From Chapter 14, “The First Question: Are the Returns REAL?” (Page 214, 221-222): “If the returns are real and audited you need to verify and confirm everything. …If the returns are not audited you should ask for monthly statements. You want these statements to come from the brokerage firm directly… Believe it or not, there are managers that will show hypothetical returns or back tested returns. Clearly we are only interested in an actual track record…”

From Chapter 15, “Risk Management” (Page 231): “Three questions can give you the quick litmus test on how a manager approaches risk. These questions are imperative to your trading success. 1. What is your risk per trade? 2. What is your maximum risk per sector? 3. What is your maximum risk on the entire portfolio?”

From Chapter 16, “How to Find the World Class Trend Followers” (Page 249): “Networking is the key to finding world class money managers. Many do not hold themselves out. Conferences are one of the best places to interact and find world class money managers.”

In summary, investors may discover useful tips for selecting and dealing with Commodity Trading Advisors from The Bible of Compounding Money.

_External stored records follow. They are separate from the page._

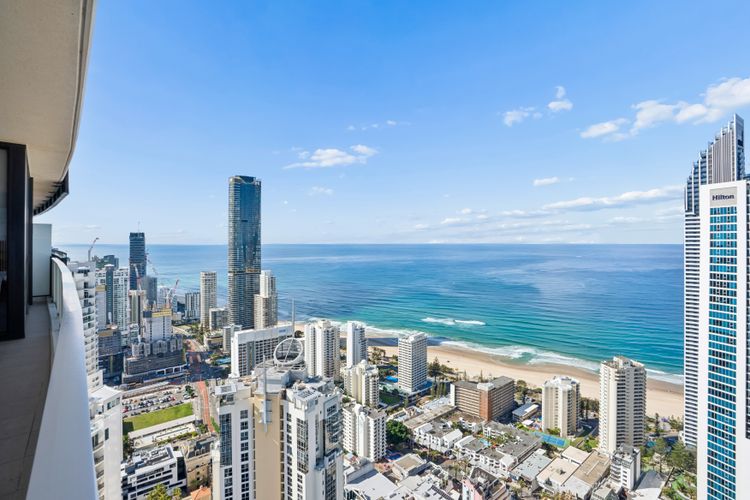 Circle on Cavill 4 Bedroom Stunning Sub Penthouse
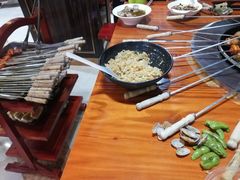 -炭虎子水浒烤肉(梦时代店)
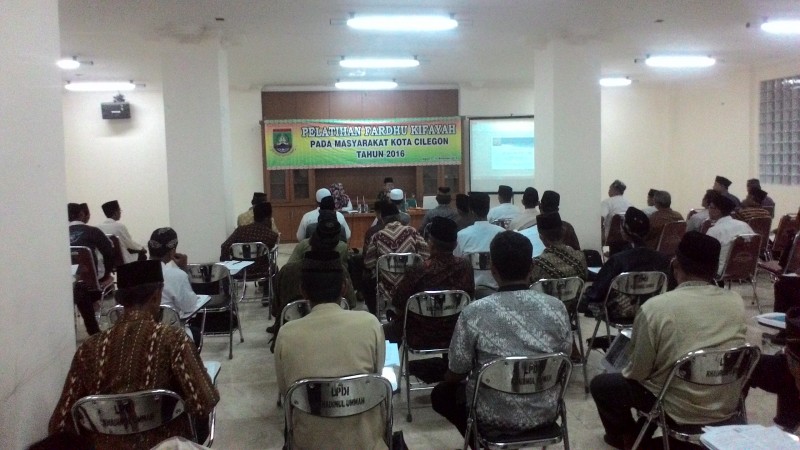 Suasana Warga Saat Mengikuti Pelatihan Fardhu Kifayah Di Masjid Agung Nurul Ikhlas Kota Cilegon. (Foto, BidikBanten)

Cautions regarding arguments/findings include:

  • The subtitle is more descriptive of the book’s content than is the title.
  • The general approach in the book is screened examples/stories, rather than statistical analysis, of success. This approach is susceptible to non-representative sampling and retrospective biases.
  • The successful money managers cited in Chapter 3 may not identifiable a priori, so citing their past performance as an achievable level of future performance may mislead. Testing should instead: (1) use past performance only to identify all top performers (10 years of at least 15% annual compound returns); and, (2) measure achievable returns based on subsequent out-of-sample (beyond 10 years) performance of identified top performers.
  • When (per Chapter 7) “no month or year of any manager means anything”, testing a manager’s performance generally requires many years of data (more than 10 and perhaps more than spanned by the careers of many manager).